6. An electrolytic apparatus with a strip non-contacting liquid throttle unit according
to claim 5, characterized in that a drive system for rotating the seal rolls is adopted
that matches the direction of rotation with the passing direction of the strip and
makes the circumferential speed of the seal rolls identical to the running speed of
the strip to synchronize the operations of the strip and the seal rolls.

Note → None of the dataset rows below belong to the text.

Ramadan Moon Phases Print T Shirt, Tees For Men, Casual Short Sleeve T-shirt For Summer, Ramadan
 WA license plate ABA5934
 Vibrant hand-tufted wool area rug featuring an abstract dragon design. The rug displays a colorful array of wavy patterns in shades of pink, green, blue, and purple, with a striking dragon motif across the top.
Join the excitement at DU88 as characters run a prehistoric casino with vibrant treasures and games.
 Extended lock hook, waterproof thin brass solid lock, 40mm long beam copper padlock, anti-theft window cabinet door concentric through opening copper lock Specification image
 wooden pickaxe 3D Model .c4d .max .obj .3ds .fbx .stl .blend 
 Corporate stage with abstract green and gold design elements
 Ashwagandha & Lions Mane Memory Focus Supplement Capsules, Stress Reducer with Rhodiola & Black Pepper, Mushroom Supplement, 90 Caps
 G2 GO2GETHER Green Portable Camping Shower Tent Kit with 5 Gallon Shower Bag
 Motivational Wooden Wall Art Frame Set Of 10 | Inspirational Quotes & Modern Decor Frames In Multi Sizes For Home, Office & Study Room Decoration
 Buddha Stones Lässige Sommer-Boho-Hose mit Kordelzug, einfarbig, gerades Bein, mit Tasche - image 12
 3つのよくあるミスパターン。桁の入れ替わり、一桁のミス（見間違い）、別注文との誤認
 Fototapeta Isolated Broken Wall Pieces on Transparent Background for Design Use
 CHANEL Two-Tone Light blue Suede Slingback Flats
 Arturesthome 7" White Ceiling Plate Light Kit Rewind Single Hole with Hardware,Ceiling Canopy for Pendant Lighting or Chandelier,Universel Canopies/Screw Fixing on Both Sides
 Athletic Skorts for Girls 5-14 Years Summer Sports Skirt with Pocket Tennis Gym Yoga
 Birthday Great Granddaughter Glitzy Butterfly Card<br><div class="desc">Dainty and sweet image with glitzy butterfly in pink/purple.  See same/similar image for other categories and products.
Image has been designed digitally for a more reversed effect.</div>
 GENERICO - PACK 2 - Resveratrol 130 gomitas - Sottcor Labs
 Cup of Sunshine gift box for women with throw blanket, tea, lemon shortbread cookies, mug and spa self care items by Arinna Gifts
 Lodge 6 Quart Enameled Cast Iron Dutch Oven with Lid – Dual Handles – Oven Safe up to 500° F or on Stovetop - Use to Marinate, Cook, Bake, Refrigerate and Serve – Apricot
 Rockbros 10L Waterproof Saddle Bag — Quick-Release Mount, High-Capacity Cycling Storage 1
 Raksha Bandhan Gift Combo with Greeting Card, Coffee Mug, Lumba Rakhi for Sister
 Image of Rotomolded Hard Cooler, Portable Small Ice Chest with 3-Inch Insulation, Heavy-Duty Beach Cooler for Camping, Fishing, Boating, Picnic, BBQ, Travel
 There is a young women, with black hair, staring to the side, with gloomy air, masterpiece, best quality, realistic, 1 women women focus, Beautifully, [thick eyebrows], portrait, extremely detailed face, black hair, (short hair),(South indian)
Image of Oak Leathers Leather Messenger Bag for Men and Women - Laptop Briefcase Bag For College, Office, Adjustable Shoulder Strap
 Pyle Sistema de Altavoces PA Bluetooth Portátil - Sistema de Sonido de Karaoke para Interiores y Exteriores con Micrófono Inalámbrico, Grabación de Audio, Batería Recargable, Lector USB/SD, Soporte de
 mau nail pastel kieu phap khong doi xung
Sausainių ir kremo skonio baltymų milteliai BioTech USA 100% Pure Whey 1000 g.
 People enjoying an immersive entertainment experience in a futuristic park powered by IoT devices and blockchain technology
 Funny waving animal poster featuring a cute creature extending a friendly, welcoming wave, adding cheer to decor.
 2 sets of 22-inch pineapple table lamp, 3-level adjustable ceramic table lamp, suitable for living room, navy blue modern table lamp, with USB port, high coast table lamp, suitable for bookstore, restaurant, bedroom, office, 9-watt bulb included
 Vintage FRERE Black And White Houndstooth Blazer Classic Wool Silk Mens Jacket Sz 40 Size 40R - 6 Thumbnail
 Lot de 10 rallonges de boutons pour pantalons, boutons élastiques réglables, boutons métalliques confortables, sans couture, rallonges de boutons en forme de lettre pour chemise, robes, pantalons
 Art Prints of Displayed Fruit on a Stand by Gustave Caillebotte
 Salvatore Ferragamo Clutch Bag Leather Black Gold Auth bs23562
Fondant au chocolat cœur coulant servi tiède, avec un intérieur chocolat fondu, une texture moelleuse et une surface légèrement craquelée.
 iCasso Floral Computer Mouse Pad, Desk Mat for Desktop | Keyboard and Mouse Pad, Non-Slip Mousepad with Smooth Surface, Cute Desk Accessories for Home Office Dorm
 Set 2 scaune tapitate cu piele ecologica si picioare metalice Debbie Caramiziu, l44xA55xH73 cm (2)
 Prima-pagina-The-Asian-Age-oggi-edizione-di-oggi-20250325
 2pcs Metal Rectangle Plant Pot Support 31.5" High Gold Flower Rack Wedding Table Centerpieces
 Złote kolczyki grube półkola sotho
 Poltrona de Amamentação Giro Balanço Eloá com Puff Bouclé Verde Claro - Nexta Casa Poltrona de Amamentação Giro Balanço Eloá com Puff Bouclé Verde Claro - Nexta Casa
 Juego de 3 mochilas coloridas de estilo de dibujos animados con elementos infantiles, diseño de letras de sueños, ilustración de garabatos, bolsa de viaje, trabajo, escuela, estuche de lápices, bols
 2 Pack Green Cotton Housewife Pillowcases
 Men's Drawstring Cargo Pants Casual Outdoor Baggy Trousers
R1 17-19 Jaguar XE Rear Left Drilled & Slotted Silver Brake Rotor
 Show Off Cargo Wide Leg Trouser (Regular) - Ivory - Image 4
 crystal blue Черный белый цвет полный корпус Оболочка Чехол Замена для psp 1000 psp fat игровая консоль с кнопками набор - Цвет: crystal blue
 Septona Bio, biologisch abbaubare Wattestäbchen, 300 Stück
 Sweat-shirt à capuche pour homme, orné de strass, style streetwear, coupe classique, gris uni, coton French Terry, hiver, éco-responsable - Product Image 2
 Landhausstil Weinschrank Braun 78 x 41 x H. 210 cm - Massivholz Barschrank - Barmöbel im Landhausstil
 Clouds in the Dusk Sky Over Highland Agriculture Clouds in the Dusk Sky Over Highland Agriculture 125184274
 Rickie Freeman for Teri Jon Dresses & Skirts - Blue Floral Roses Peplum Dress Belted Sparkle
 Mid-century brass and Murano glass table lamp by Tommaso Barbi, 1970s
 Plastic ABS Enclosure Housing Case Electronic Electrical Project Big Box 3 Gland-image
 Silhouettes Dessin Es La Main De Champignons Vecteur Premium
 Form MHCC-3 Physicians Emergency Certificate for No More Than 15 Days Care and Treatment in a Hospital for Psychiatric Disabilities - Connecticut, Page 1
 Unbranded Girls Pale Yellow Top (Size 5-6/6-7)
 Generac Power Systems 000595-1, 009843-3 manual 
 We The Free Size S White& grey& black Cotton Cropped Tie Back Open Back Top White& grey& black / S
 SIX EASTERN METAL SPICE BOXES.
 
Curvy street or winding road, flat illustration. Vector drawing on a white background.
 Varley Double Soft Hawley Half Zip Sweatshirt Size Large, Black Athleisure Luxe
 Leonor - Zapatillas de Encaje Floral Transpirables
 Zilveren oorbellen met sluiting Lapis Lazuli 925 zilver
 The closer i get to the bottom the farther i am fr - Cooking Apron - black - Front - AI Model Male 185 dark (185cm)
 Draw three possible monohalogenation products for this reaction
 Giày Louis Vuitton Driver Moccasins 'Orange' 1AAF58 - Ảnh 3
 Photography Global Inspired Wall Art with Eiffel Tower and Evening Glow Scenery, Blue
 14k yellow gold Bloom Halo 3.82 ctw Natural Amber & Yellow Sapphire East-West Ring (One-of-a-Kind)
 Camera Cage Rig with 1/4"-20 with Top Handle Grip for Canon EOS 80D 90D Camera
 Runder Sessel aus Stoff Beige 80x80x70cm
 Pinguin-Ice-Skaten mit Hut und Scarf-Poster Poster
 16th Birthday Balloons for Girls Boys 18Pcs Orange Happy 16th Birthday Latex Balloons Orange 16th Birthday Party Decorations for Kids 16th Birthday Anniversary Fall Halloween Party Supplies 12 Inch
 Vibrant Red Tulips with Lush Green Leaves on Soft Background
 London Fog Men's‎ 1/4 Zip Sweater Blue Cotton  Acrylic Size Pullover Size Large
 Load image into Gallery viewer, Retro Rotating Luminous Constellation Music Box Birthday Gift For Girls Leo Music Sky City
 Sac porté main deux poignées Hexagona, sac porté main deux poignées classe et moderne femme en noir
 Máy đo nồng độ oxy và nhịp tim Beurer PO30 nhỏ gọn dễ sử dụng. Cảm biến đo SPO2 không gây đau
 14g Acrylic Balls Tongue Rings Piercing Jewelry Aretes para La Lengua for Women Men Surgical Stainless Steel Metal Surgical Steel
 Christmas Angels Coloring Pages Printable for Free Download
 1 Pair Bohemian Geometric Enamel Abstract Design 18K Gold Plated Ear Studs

7. An electrolytic apparatus with a strip non-contacting liquid throttle unit that, in
an electrolytic apparatus in which a strip is run through an electrode unit formed
between electrodes disposed at prescribed spacing, a liquid feeding unit provided
on an outlet side of the electrode unit passes liquid electrolyte to the electrode
unit to conduct electrolytic treatment, liquid electrolyte after electrolytic treatment
is recovered by a waste liquid unit provided on an inlet side of the electrode and
a liquid electrolyte tank is provided on the inlet side or the outlet side of the
electrode unit to communicate and connect with the electrode unit through the liquid
feeding unit or the waste liquid unit, is characterized in that a liquid throttle
unit adjacent to the electrode unit and the liquid electrolyte tank filled with liquid
electrolyte is a pair of seal mechanisms or nozzle devices spaced facing each other
in a non-contacting state with a passed strip and the spacing between the seal mechanisms
or the nozzle devices is 0.1mm-5mm, preferably 0.3mm-2mm, wider than the thickness
of the passed strip.
8. An electrolytic apparatus with a strip non-contacting liquid throttle unit that, in
an electrolytic apparatus in which a strip is run through an electrode unit formed
between opposed electrodes disposed at prescribed spacing, a liquid feeding unit provided
on an outlet side of the electrode unit passes liquid electrolyte to the electrode
unit to conduct electrolytic treatment, liquid electrolyte after electrolytic treatment
is recovered by a waste liquid unit provided on an inlet side of the electrode and
a liquid electrolyte tank is provided on the inlet side or the outlet side of the
electrode unit to communicate and connect with the electrode unit through the liquid
feeding unit or the waste liquid unit, is characterized in that a liquid throttle
unit adjacent to the electrode unit and the liquid electrolyte tank filled with liquid
electrolyte is formed of two laterally symmetrical seal blocks, preferably wedge-shaped
seal blocks, which face each other across a space that diminishes in the direction
of strip advance and maintain a non-contacting state with a passed strip, the spacing
between the seal blocks being 0.1mm-5mm, preferably 0.3mm-2mm, wider than the thickness
of the passed strip.
9. An electrolytic apparatus with a strip non-contacting liquid throttle unit according
to claim 8, characterized in that the wedge-shaped blocks are equipped with a liquid
feeding system for feeding liquid electrolyte from surfaces facing the strip toward
the strip over the full width of the strip.